Each card has four numbers, and the goal is always to use all four of those numbers to come up with some arithmetic expression that is equal to 24.

for example, if the four numbers are 6, 6, 6, 6,
you could get 24 by 6 + 6 + 6 + 6

or if the numbers are 1,2,3,4
you could get 24 by (2 + 4) x (1 + 3)
		      or by 4 x 2 x 3 x 1

This game doesn't have to be limited to cards, of course, and a computer can find solutions very fast. I wrote this program to see how well Python can play 24...

Here is a python program that automatically finds the answers to this game. It does this in the "brute force" way, by just trying all of the possible expressions through the python eval() function. eval() is a function that can be passed a python expression as a string, and if it is a legal expression, it evaluages it (aka returns the value that the expression is equal to). Here, the brute force way is actually fast enough, since there are not that many combinations, and the operations are relatively simple. 

A few of the functions from the itertools module are used, product() and permutations(). These are to iterate through the different possible expressions. These are actually important functions in combinatorics, and are worth studying for advanced practice.

You may notice that I am using math.isclose() rather than just checking for equality. This is actually an important detail, and has to do with the inaccuracy of computer rounding when dealing with numbers with fractional parts, or even just division with whole numbers. An example of this that you can easily try is asking your Python interpreter if 0.1 + 0.2 == 0.3. It will tell you False, even though you know it is True. This problem is actually quite complicated and has to do with the binary storage of fractional numbers. The solution is simpler: don't check for strict equality (==) when dealing with potentially fractional numbers, but instead use the math.isclose() function.

Notice also the try/catch block. Some of the expressions will involve trying to divide by zero, and this way, the whole program does not crash when that happens, but just skips that expression.

import itertools, math

def solve(nums, TARGET = 5):
    # input a list (or tuple) of four numbers
    paren_patterns = ['%d %s %d %s %d %s %d',
                      '(%d %s %d) %s %d %s %d',
                      '(%d %s %d %s %d) %s %d',
                      '%d %s (%d %s %d) %s %d',
                      '%d %s (%d %s %d %s %d)',
                      '%d %s %d %s (%d %s %d)',
                      '(%d %s %d) %s (%d %s %d)',]
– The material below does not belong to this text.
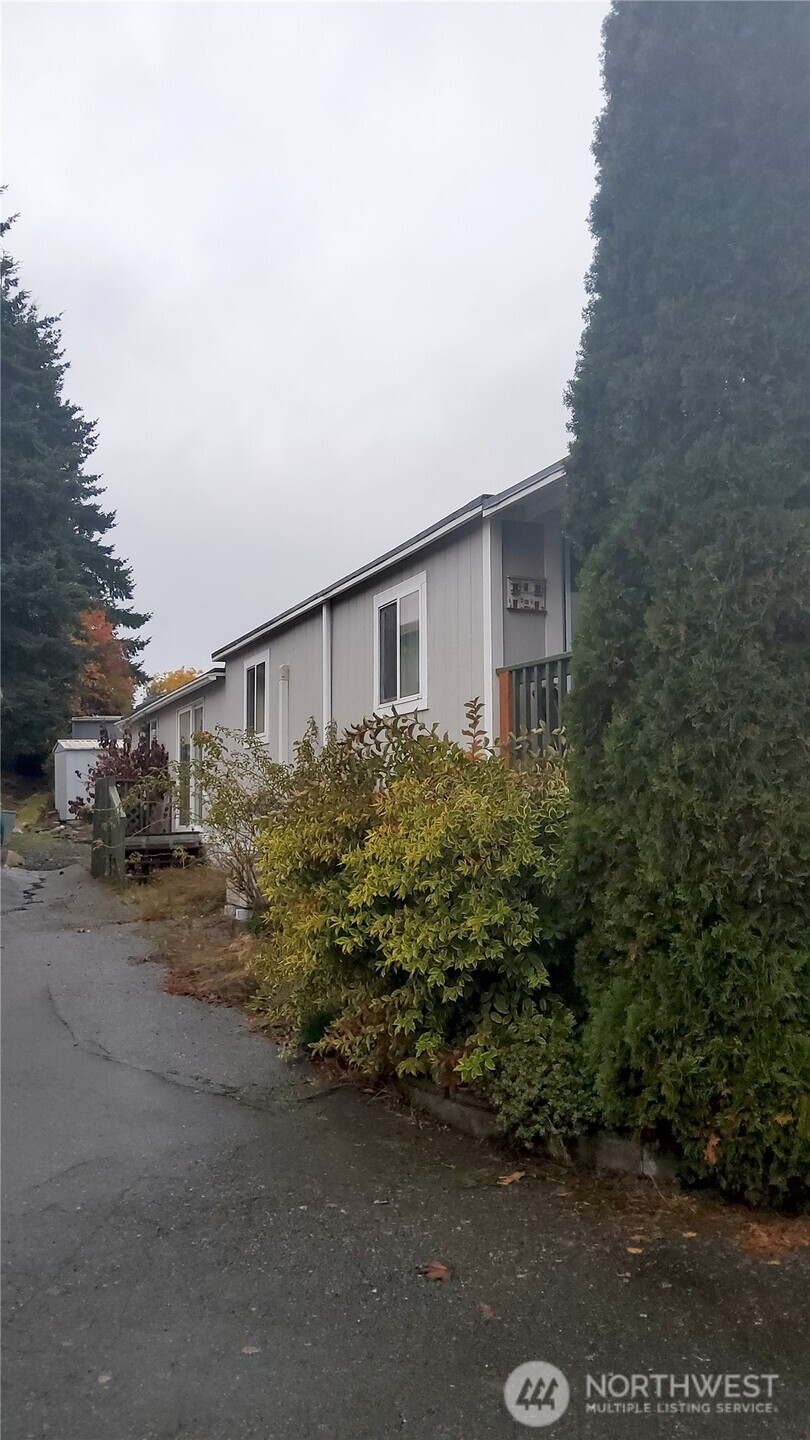 13320 Highway 99 Everett WA 98204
    operations = ['+','-','*','/']

    for pat in paren_patterns:
        num_gen = itertools.permutations(nums)
        for nums in num_gen:
            op_gen = itertools.product(operations,operations,operations)
            for ops in op_gen:
                inputs = (nums[0], ops[0], nums[1], ops[1], nums[2], ops[2], nums[3])
                try:
                    this = eval(pat % inputs)
                    if math.isclose(this, TARGET): print(pat % inputs, '=', TARGET)
                except ZeroDivisionError:
                    continue
    print('done')

# when calling from terminal:
if __name__ == '__main__':
    import sys
    nums = [int(i) for i in sys.argv[1:-1]]
    solve(nums, int(sys.argv[-1]))